Afnan mengambil bubur yang disimpan di nakas.

"Makan dulu, ya. Tadi Mama udah bikinin bubur buat kamu." Afnan mulai menyuapi Nazifa.

"Udah, Mas." Nazifa menolak saat Afnan menyuapinya lagi.

"Baru juga berapa suap, Zee."

"Nggak enak, Mas. Lidahnya pait," rengek Nazifa.

"Karena kamu lagi sakit, makanya jadi nggak enak. Dikit lagi aja, ya. Aa ...," bujuk Afnan.

Nazifa pun menuruti bujukan Afnan yang pada akhirnya menghabiskan bubur itu.

"Pinter," ucap Afnan menepuk-nepuk kepala Nazifa.

"Mas ... Emangnya Zee anak kecil," ucap Nazifa cemberut.
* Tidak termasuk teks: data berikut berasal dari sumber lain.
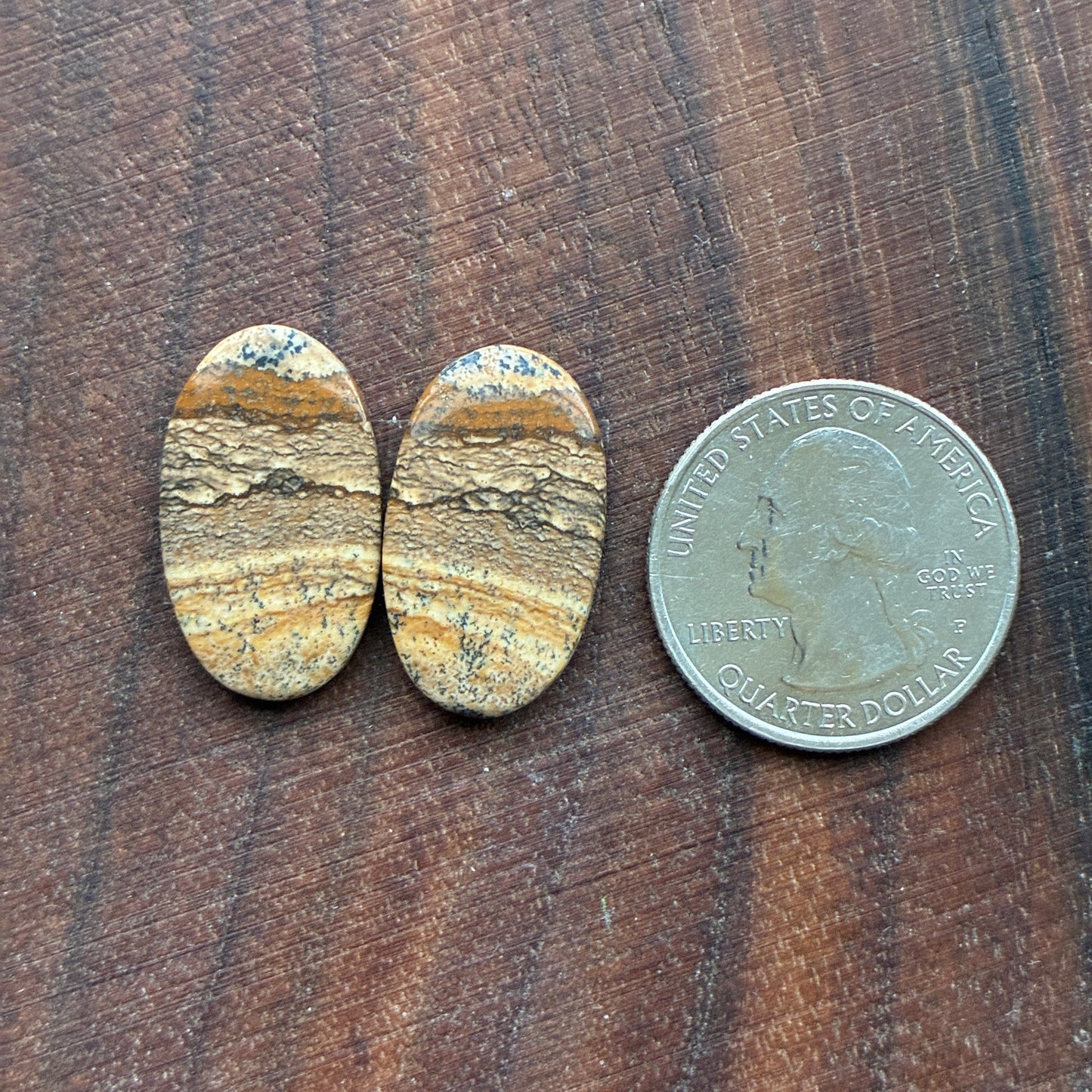 Picture Jasper - Cabochon Pair - Oval - Teardrop - Square - coffin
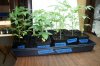 DSC00126.jpg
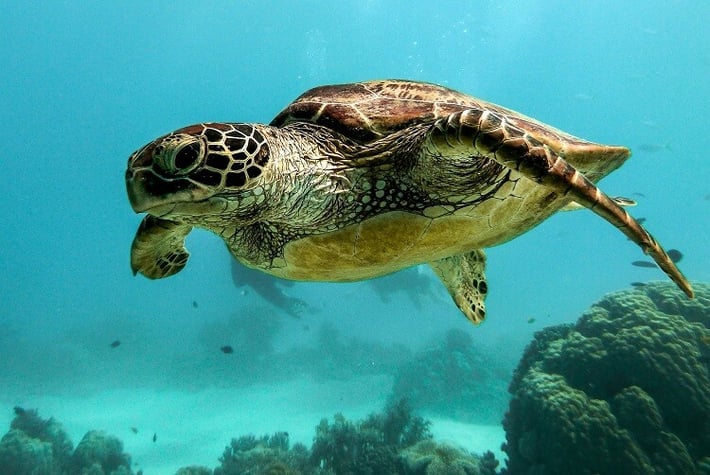 Eine Meeresschildkröte schwimmt im Meer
Afnan tertawa. "Aku simpen mangkok ke dapur dulu, ya."

Nazifa mengangguk.

Tak lama kemudian, Afnan kembali ke kamar lalu merangkak naik ke kasur ikut membaringkan tubuh di samping istrinya.

"Kemarilah." Afnan merangkul Nazifa.

"Aku khawatir banget tadi, Zee. Langsung panik pas denger kabar dari Mama," ungkap Afnan semakin mengeratkan pelukannya.

Nazifa membalas pelukan erat suaminya. Betapa bahagia hati Nazifa memiliki suami seperti dirinya. Ternyata apa yang dikatakan orangtuanya dulu itu benar adanya. Senyum bahagia terpancar dari wajah Nazifa.

"Aku cinta kamu, Mas," gumam Nazifa setengah berbisik namun masih bisa didengar Afnan.

"Kamu bilang apa barusan, Zee?" Afnan tak percaya dengan apa yang didengarnya barusan.

"Nggak. Aku nggak ngomong apa-apa kok." Nazifa malu.

"Sekali lagi. Ucapin sekali lagi, sayang," pinta Afnan seraya mengangkat wajah Nazifa yang sudah merona.

"Ih, Mas ... Zee malu," ucapnya pelan seraya menundukan kembali pandangannya.

"Zee," panggil Afnan lembut seraya menatap penuh harap.

Nazifa perlahan mengangkat wajahnya, menatap mata indah suaminya. Senyum indah merekah di wajah Nazifa.

"Aku cinta kamu, Mas," ucap Nazifa dengan jelas seraya mendaratkan sebuah kecupan singkat di bibir suaminya.

Rona merah jelas tergambar di wajah Nazifa. Afnan tersenyum lebar dengan mata berbinar menatap Nazifa. Memeluk erat istrinya dengan perasaan bahagia. Ini pertama kalinya Nazifa mengucapkan kata cinta dengan jelas.

"Aku cinta kamu, Zee," ucap Afnan seraya mencium pucuk kepala Nazifa.

Keduanya saling berpelukan erat dengan senyum bahagia yang terpancar jelas di wajah mereka.